The widespread collection of data from all sorts of digital systems is mostly associated with the notion that it will help us do things smarter, better or more efficiently. The emphasis on the idea that various actors will use data knowingly and deliberately, seems to ignore the fact that data in and by itself can produce effects as well. That is, data, once it is collected, can and will have an impact simply because we cannot unknow what we have learned from it.
- Smart governments, e.g. smart cities, strive to quantify the public domain in order to deliver higher quality services against lower costs. Their efforts will produce vast amounts of data and possibly some unexpected insights. One could imagine that such insights have profound political implications, for instance, when they uncover corruption or extreme levels of water or air pollution.
- Self-driving cars will be collecting massive amounts of data regarding their own activity, but they will also measure and film their surroundings, including other vehicles, pedestrians and other subjects. It seems inevitable that this data, once it is available, will eventually be used for surveillance and other purposes beyond its intended use.
- Pre-crime, elaborate statistical models that predict when and where various crimes may be committed, has a positive effect on overall crime rates, e.g. in Chicago. In practice, however, this means that local police focus on specific neighborhoods, which may lead to skewed crime statistics of those areas and, indirectly, to racial profiling.
- Researchers have demonstrated how old data from the Bitcoin’s public ledger can be combined with additional (public) datasets to trace people involved in drug deals or other (illegal) transactions that were once thought anonymous.
- Bruno Latour, among other thinkers, ascribes agency to non-human entities; things do things. Such entities, or actants in Latour’s words, are part of larger networks of humans (actors) and non-humans who together form the structure in which agency takes place. To illustrate, a fence forces people to make a detour (or to climb or cut the fence) and air quality measurements trigger people to consider the effects of air pollution and think about preventive action.
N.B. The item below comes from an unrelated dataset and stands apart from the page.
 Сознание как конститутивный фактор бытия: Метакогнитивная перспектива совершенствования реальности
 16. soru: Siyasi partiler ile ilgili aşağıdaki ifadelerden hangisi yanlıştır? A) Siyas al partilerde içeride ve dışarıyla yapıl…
Data can be understood as a resource, somewhat similar to natural resources such as oil. Thus, it is no wonder that data is treated as the single-most important input in today’s economy. However, the dominant perspective on data is overly simplistic. It seems to assume that we have full control over the kind of data we collect, how it is analyzed and how subsequent outcomes can be interpreted and used. Two factors call for a more reflexive perspective on data.
For better or worse, once the new collected insights are “out there”, they will start to lead a life of their own and have an impact on everyday life beyond the original (human) intentions of collecting the data.
First, aside from oil and other material resources, the process from extraction to final product is quite predictable and manageable. Data, by contrast, is much more complex since the process of collecting and processing data is crucial to the kinds of output that are produced and these may include rather unexpected results. In the near future, AI systems are bound to generate even more unexpected and unplanned insights, i.e. correlations between seemingly unrelated data sets.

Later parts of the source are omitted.